Content starts
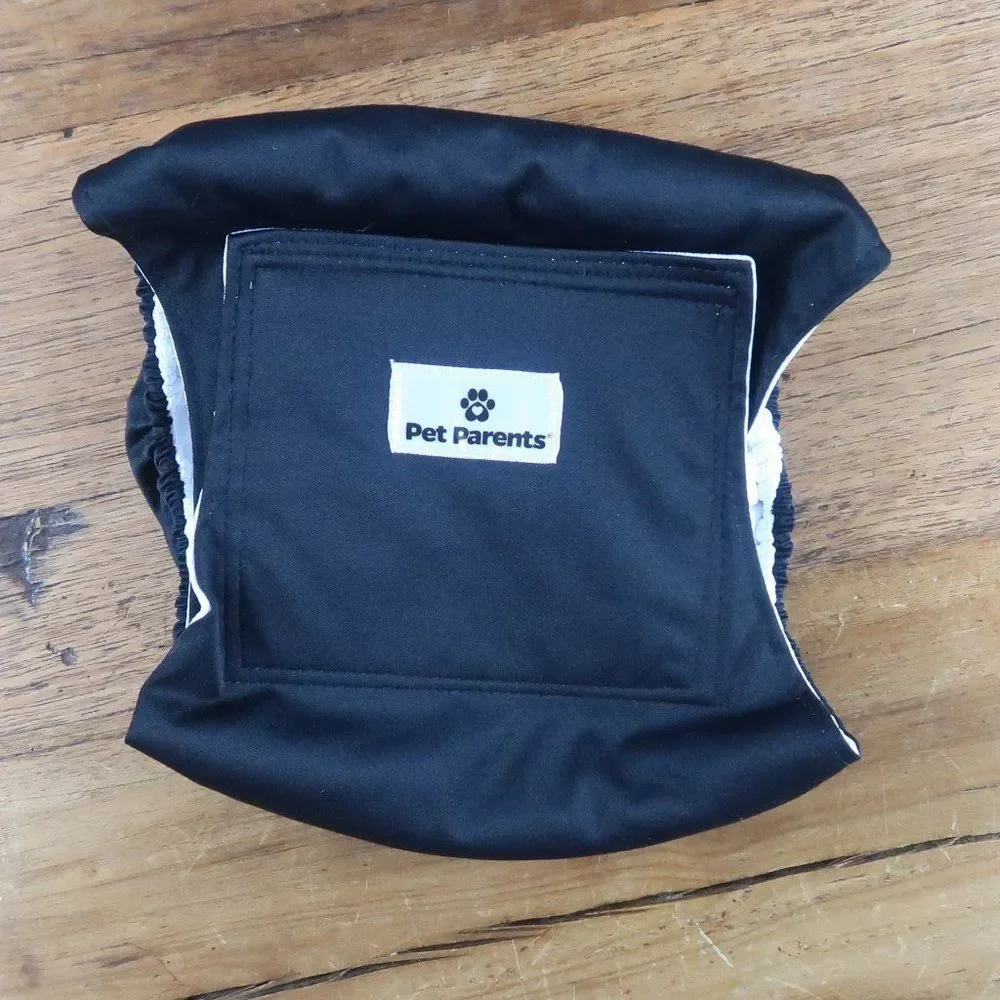 PET PARENTS BLACK BELLY BAND MALE DOG WRAP DIAPER SIZE LARGE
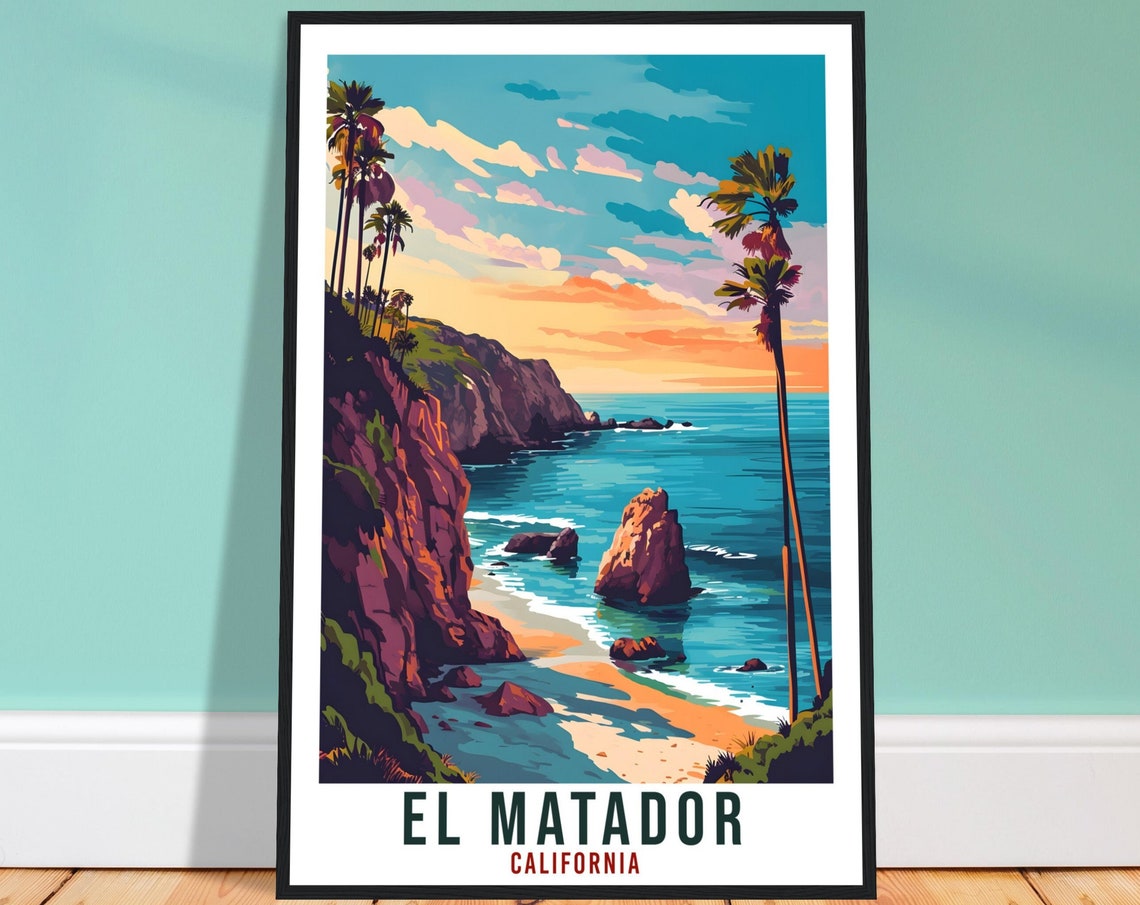 El Matador Travel Print California Home Decoration Usa City Wall Art Gift Wall Hanging Art Lover California Artwork El Matador Travel Poster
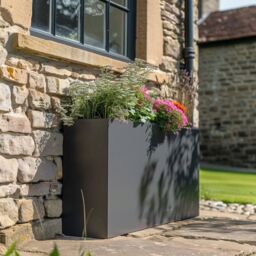 Woven Wood 90cm Long Zinc Matte Grey 60cm Tall Trough Planter - thumbnail 3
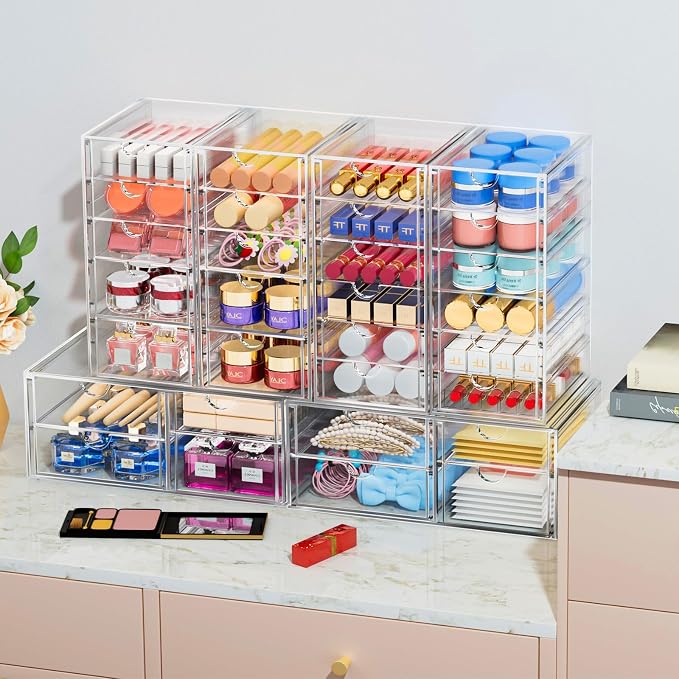 Acrylic 2-Pack 7-Drawer Makeup & Storage Organizer for Bath,Desk | Smooth-glide drawers, clear body, dustproof, wipe clean, for office supplies, pens, rings, earrings, tweezers, cotton swabs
Content ends
### What is expected
Everything in the listing above must be retyped exactly, except for the pictures.

### Problem solution
 PET PARENTS BLACK BELLY BAND MALE DOG WRAP DIAPER SIZE LARGE
 El Matador Travel Print California Home Decoration Usa City Wall Art Gift Wall Hanging Art Lover California Artwork El Matador Travel Poster
 Woven Wood 90cm Long Zinc Matte Grey 60cm Tall Trough Planter - thumbnail 3
 Acrylic 2-Pack 7-Drawer Makeup & Storage Organizer for Bath,Desk | Smooth-glide drawers, clear body, dustproof, wipe clean, for office supplies, pens, rings, earrings, tweezers, cotton swabs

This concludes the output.